Une partie serrée est engagée en Ukraine entre l'opposition et le président Viktor Ianoukovitch. Ce dernier a créé la surprise, samedi soir, en proposant aux deux principaux leaders de l'opposition d'intégrer le gouvernement et en se disant prêt à créer une commission chargée de réviser la Constitution. Ianoukovitch a ainsi proposé à Arseni Iatseniouk, dirigeant d'un des trois principaux partis d'opposition et proche de l'ancienne première ministre toujours emprisonnée, Ioulia Timochenko, de devenir premier ministre. Il a également proposé à Vitali Klitschko, dirigeant du parti Udar et ancien champion du monde de boxe, un poste de vice-premier ministre en charge des questions humanitaires.

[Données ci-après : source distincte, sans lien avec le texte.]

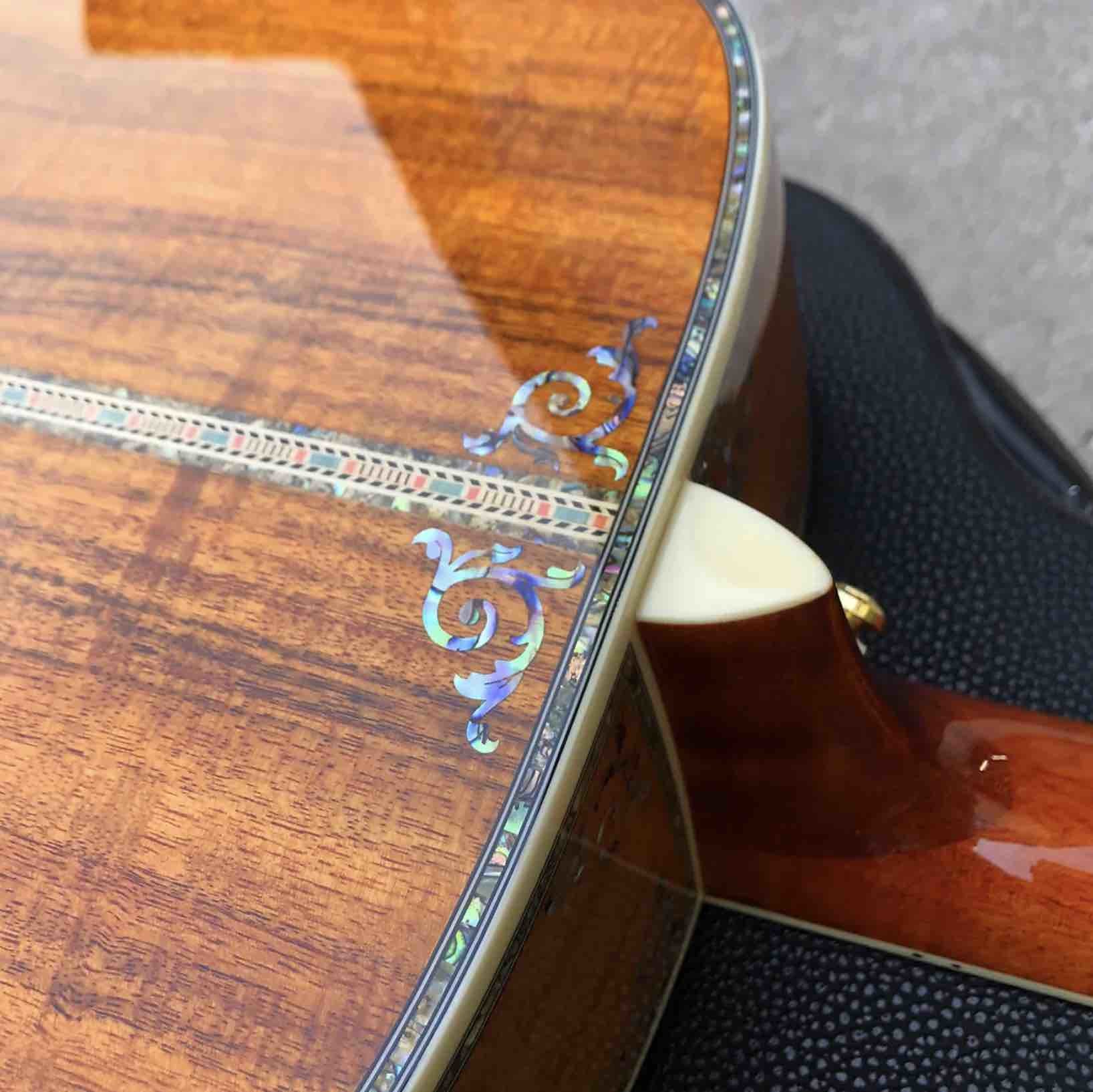 Factory KOA wood classic acoustic guitar,Life tree Ebony Fingerboard,Abalone inlays and binding,China 41 inchs acoustic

Samedi soir, devant la foule toujours massée sur le Maïdan, place centrale de Kiev, les deux dirigeants ont décliné la proposition avec prudence pour ne pas apparaître jusqu'au-boutistes. Arseni Iatseniouk s'est déclaré « prêt à prendre ses responsabilités », mais a expliqué ne pas croire le pouvoir. « Il s'agit d'un cadeau empoisonné de la part de Ianoukovitch afin de diviser notre mouvement », a renchéri Vitali Klitschko. L'opposition depuis le début du mouvement demande la démission du gouvernement, des élections anticipées. Et à cela s'ajoute depuis la semaine dernière l'abrogation de plusieurs lois votées en urgence et limitant de manière drastique le droit de manifester.

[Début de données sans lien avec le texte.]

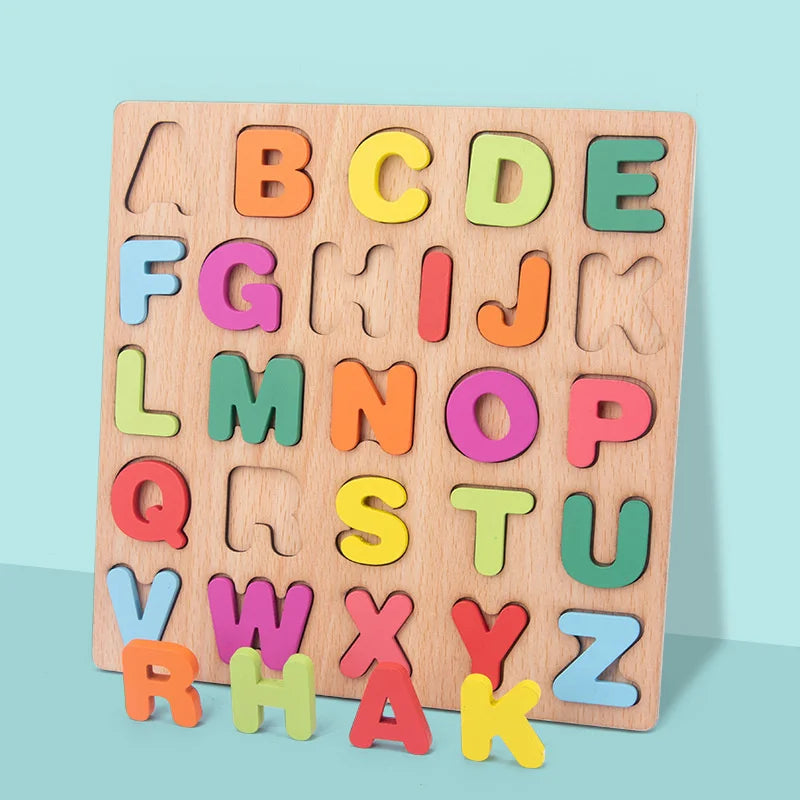 Puzzle en bois en forme de chiffres et de l'alphabet, planche assortie pour bébé, apprentissage précoce, Puzzle 3D, jouets éducatifs préscolaires pour enfants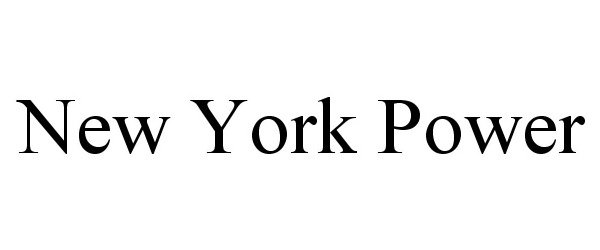 Trademark Logo NEW YORK POWER
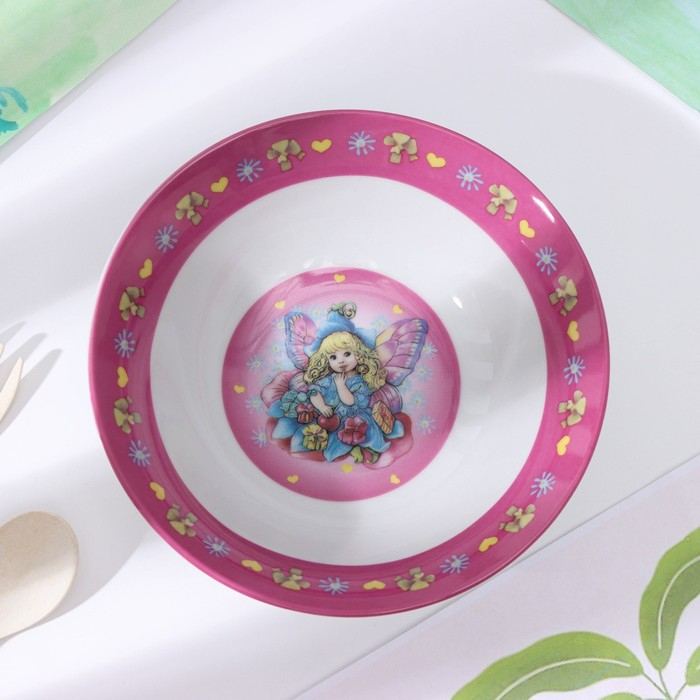 Набор детской посуды из керамики Доляна &laquo;Дюймовочка&raquo;, 3 предмета: кружка 230 мл, миска 400 мл, тарелка d=18 см,цвет белый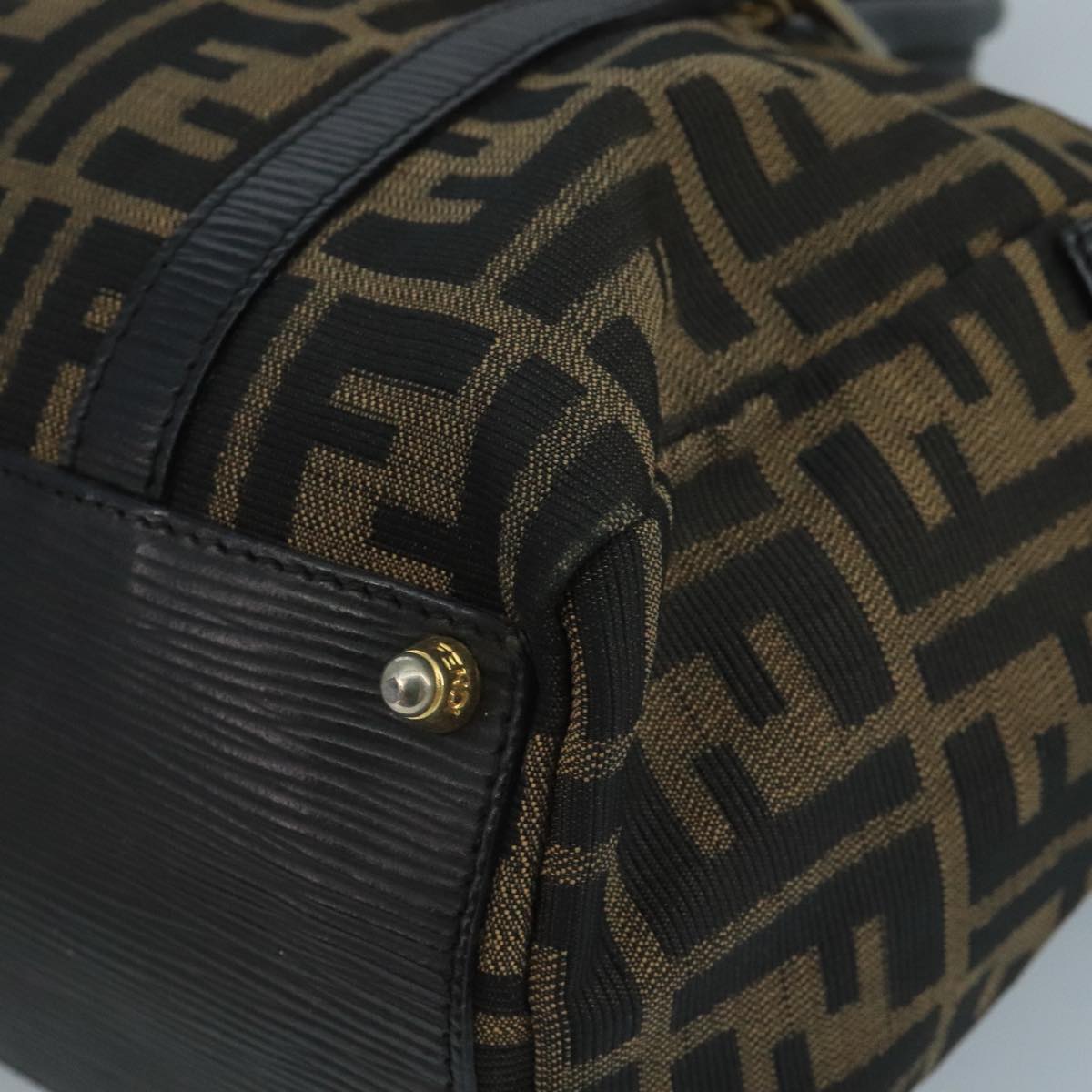 FENDI Zucca Canvas Hand Bag Brown Black 111184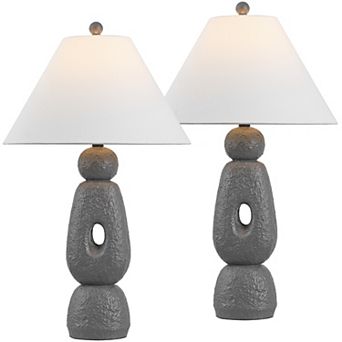 Henge 28" Organic Minimalist Textured Resin/Metal Stacked LED Table Lamp (Set of 2)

Les deux dirigeants ont renvoyé la poursuite des négociations avec le pouvoir à mardi, lorsque le Parlement se réunira en session exceptionnelle. Un vote de confiance pourrait intervenir et les lois contestées pourraient être rééxaminées.
Cette proposition de Ianoukovitch, si elle constitue une réelle ouverture par rapport au raidissement du pouvoir et à la répression menée ces jours derniers, reste ambiguë. Samedi, le ministre de l’intérieur, Vitali Zakhartchenko a multiplié les menaces contre les opposants. Il affirme que l’opposition a perdu le contrôle du mouvement, tenu par des radicaux, qu'il accuse d'avoir stocké des armes. Il a sommé les manifestants de rentrer chez eux. « Tous ceux qui resteront sur Maïdan et dans les bâtiments occupés seront considérés comme des membres de groupes extrémistes », a-t-il indiqué dans un communiqué, mettant en garde contre un possible recours à la force. Vitali Zakhartchenko, dont le départ fait partie des principales revendications du mouvement (avec la démission de l'actuel gouvernement et des élections anticipées), avait auparavant jugé « vaines » les tentatives de trouver une solution pacifique à la crise.
Le parti de Ioulia Timochenko a affirmé disposer d’informations indiquant que Viktor Ianoukovitch s’apprêtait à décréter l’état d’urgence et à évacuer l’opposition, barricadée sur la place de l’Indépendance et dans certaines rues voisines.